Re: [HACKERS] Early locking option to parallel backup

Started by Stephen Frostabout 8 years ago5 messages

sfrost@snowman.net

about 8 years ago

Lucas, Robert, all,

* Robert Haas (robertmhaas@gmail.com) wrote:

On Mon, Nov 6, 2017 at 4:43 AM, Tom Lane <tgl@sss.pgh.pa.us> wrote:

I wonder if we couldn't somehow repurpose the work that was done for
parallel workers' locks. Lots of security-type issues to be handled
if we're to open that up to clients, but maybe it's solvable. For
instance, maybe only allowing it to clients sharing the same snapshot
would help.

Interesting idea.
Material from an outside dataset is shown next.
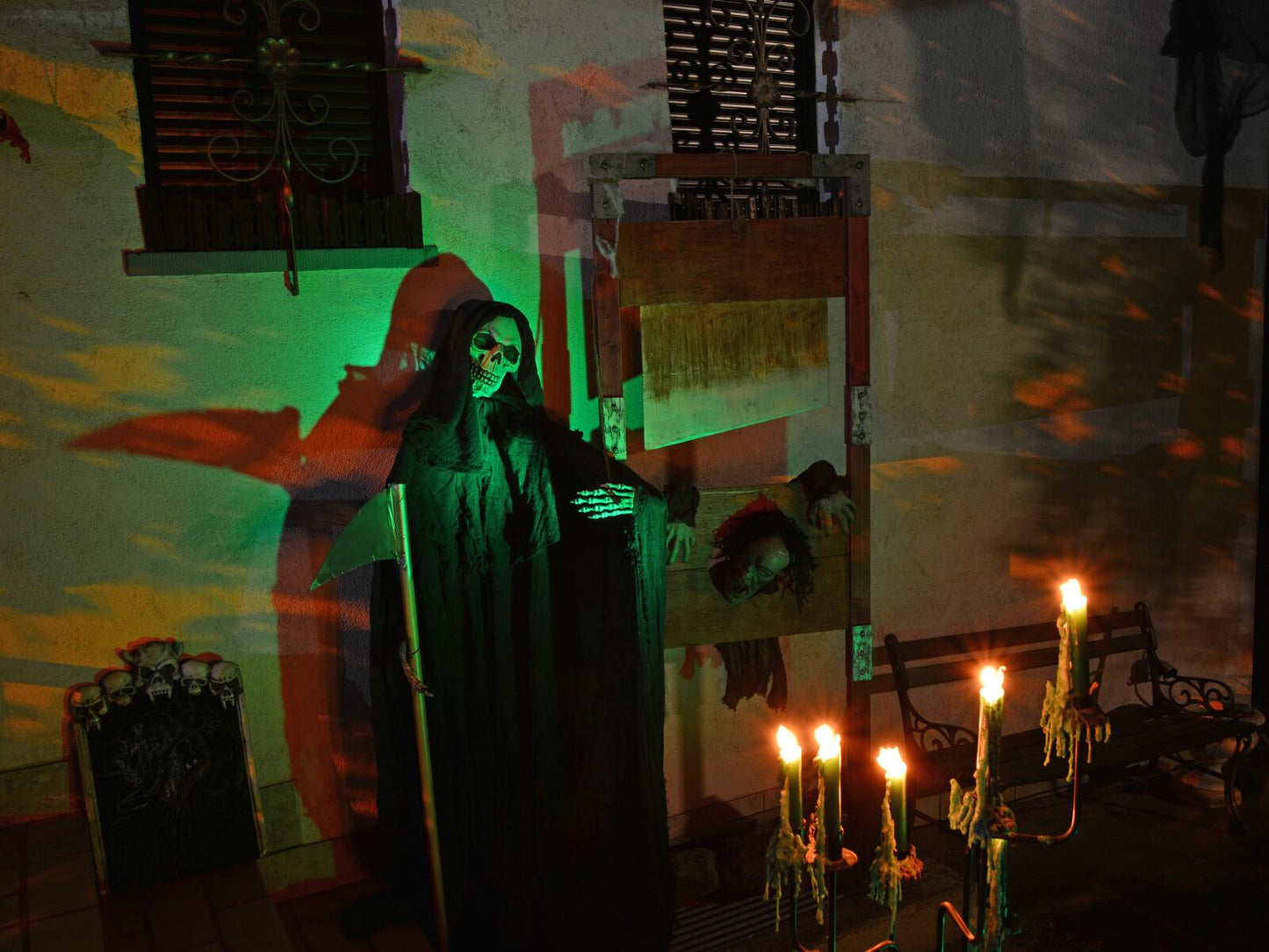 EUROPALMS Halloween Figure Crawling 140cm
There's a bunch of holes that would need to be
patched there; for instance, you can't have one session running DDL
while somebody else has AccessShareLock. Parallel query relies on the
parallel-mode restrictions to prevent that kind of thing from
happening, but it would be strange (and likely somewhat broken) to try
to enforce those here. It would be strange and probably bad if LOCK
TABLE a; LOCK TABLE b in one session and LOCK TABLE b; LOCK TABLE a in
another session failed to deadlock. In short, there's a big
difference between a single session using multiple processes and
multiple closely coordinated sessions.

Parallel pg_dump is based on synchronized transactions though and we
have a bunch of checks in ImportSnapshot() because a pg_dump parallel
worker also can't really be quite the same as a normal backend. Perhaps
we could add on more restrictions in ImportSnapshot() to match the
restrictions for parallel-mode workers? If we think there's other users
of SET TRANSACTION SNAPSHOT then we might need to extend that command
for this case, but that seems relatively straight-forward. I don't know
how reasonable the idea of taking a normally-started backend and making
it close enough to a parallel worker when a SET TRANSACTION SNAPSHOT
PARALLEL (or whatever) happens to allow it to skip the lock fairness is
though.

Also, even if you did it, you still need a lot of PROCLOCKs. Workers
don't need to take all locks up front because they can be assured of
getting them later, but they've still got to lock the objects they
actually want to access. Group locking aims to prevent deadlocks
between cooperating processes; it is not a license to skip locking
altogether.

This wouldn't be any different from what's happening today in pg_dump
though, so I'm not sure why this would be an issue? The proposed patch
locks everything in every worker, which is quite different from the main
process locking everything and then the individual workers locking the
objects they're working on.

* Lucas B (lucas75@gmail.com) wrote:

Em 05/11/2017 21:09, Andres Freund escreveu:

Well, the current approach afaics requires #relations * 2 locks, whereas
acquiring them in every worker would scale that with the number of
workers.

Yes, that is why I proposed as an option. As an option will not affect
anyone that does not want to use it.

That's not actually correct- additional options add maintenance overhead
for hackers and for users to have to deal with and there's at least a
clear idea on how we could make this "just work" without having to add
an additional option. Based on that and the discussion thus far, it
seems like the next step is to try and work through a way to change
things to allow workers to skip the lock fairness and that the current
patch isn't going to be accepted.

It seems natural to think several connections in a synchronized snapshot as
the same connection. Then it may be reasonable to grant a shared lock out of
turn if any connection of the same shared snapshot already have a granted
lock for the same relation. Last year Tom mentioned that there is already
queue-jumping logic of that sort in the lock manager for other purposes.
Although seems conceptually simple, I suspect the implementation is not.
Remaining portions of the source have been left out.